> _What to work on_
Copy out the data below as written; omit any images.

> _Information shown_
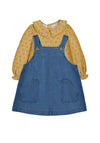 Mayoral Baby Girl Top and Denim Dungaree Dress Set, Blue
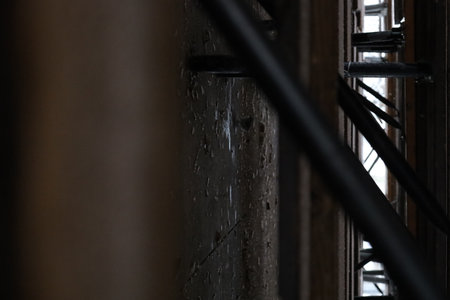 A vertical shot of metal constructions in an abandoned place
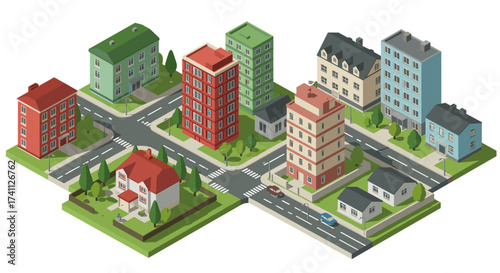 Isometric urban neighborhood with colorful buildings and streets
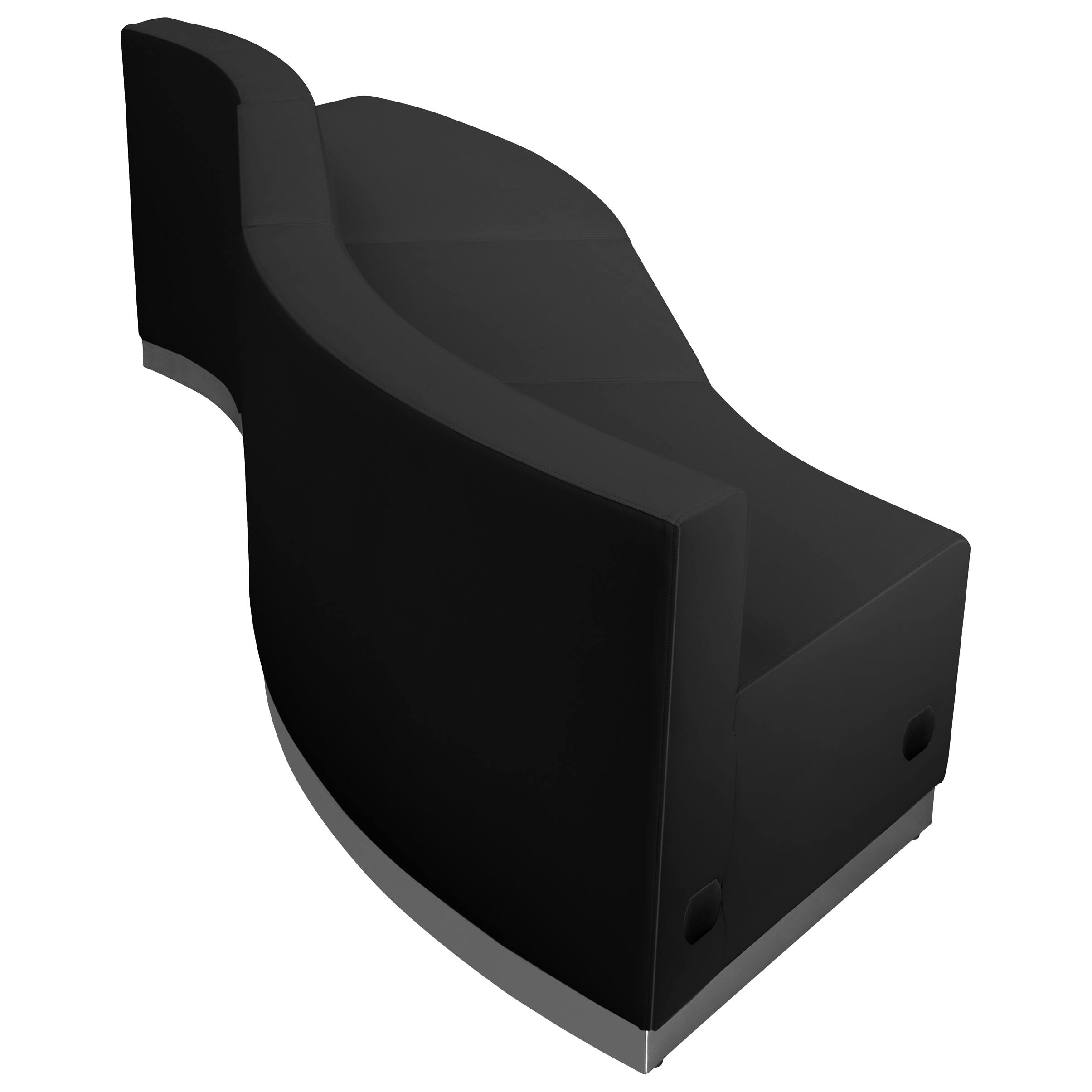 Alt View 3. Emma + Oliver - Faux Leather Modular Reception Seating Configuration, 3 Pieces - Black.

> _Response area_
 Mayoral Baby Girl Top and Denim Dungaree Dress Set, Blue
 A vertical shot of metal constructions in an abandoned place
 Isometric urban neighborhood with colorful buildings and streets
 Alt View 3. Emma + Oliver - Faux Leather Modular Reception Seating Configuration, 3 Pieces - Black.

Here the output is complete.